Both of our boys will sit with us during the Maundy Thursday and Good Friday services. And we will spend a quiet day on Friday. Saturday will be a day of preparation. Easter egg dying, making out Grandmother B's yeast rolls for dinner on Sunday, and preparing a little something special for breakfast are all in the works. I may even try to get to the Farmer's Market and hunt some asparagus, though I will have to get there first thing to get anything good!

On Sunday, in addition to the changes in our little garden, I will have the table set with lots of candles, including our white "Jesus" candle from our Advent wreath, which we will use for devotions all during the Easter season. The boys will each get a little bit of candy on their breakfast plate. After church, we are eating Easter dinner at the in-laws with friends from church. An egg hunt, feeding baby goats, and playing with puppies. Sounds like a good celebration of new life to me! And no bunnies to be found!

Friday, April 3, 2009

7 Quick Takes-Galactic Pee, Books to Read, and Holy Week

1. Sometimes I am overwhelmed by the reality that I live in a house full of males. The other night, as Hobbes was preparing for his bath, I walked in on him standing in front of the toilet, ready to pee, saying "All systems are go!"

2. In case you can't tell from the above, space travel has been a big theme around this house for, oh, over a year now. It finds its way into everything from potty time to dinner time. Over and over again we have had to "correct" current books on the topic by insisting that Pluto IS a planet...well, sort of. The boys were just given some new solar system placemats that put the issue to rest. In the picture, the planets are circling the sun, all labeled with their correct names. On the outskirts there is a tiny planet with no name and a very sad face. When the boys first saw it, they were heard saying, "Don't be sad Pluto, you can still be a planet."

3. I have found a new addiction...not exactly Lenten of me, I know. Trader Joe's Dark Chocolate Covered Pretzel Slims are scrumptious! They have plenty of dark chocolate and just enough crunchy, salty pretzely-ness to be perfect. I could eat a whole bag in one sitting. So much for losing the baby weight.

On a more serious note...

4. In case you are looking for a good read for Holy Week, I highly recommend Surprised by Hope by N.T. Wright. I am reading it right now, and it offers some incredible insight into the meaning of the Resurrection of Jesus and into resurrection and new creation in general.
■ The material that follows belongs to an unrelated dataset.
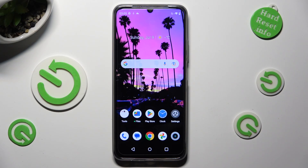Hi, in front of me is Realme 53 and today I would like to show you how you can change the screen refresh rate.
Good stuff.

5. If you are looking for other good reading, I have two books to recommend. I have been terribly remiss in not mentioning these before, since they were written by very good friends of mine. Give them a try, and help feed some starving academics and ministers! Unlocking Romans by my good friend and former housemate would also be an excellent, more academic read to complement Wright's on the topic of the resurrection.

6. And Giving:the Sacred Art, by my college roommate of four years (who could probably write a book on that topic, too, or at least win an award for putting up with me), is a wonderful look at the history and meaning of giving in many faith traditions. She includes practical ideas for creating a lifestyle of generosity. Oh, and all proceeds of her book go to charity.

7. Back on the topic of Holy Week, I hope to have a post up this weekend about what we are doing with the boys to observe Maundy Thursday, Good Friday, and Easter. We are going to a little pre-Palm Sunday party tomorrow where the kids will make some crosses from palm fronds and flowers to use at church on Sunday and where we assemble a Lenten/Easter garden. Holy Experience has a good example of this type of garden here.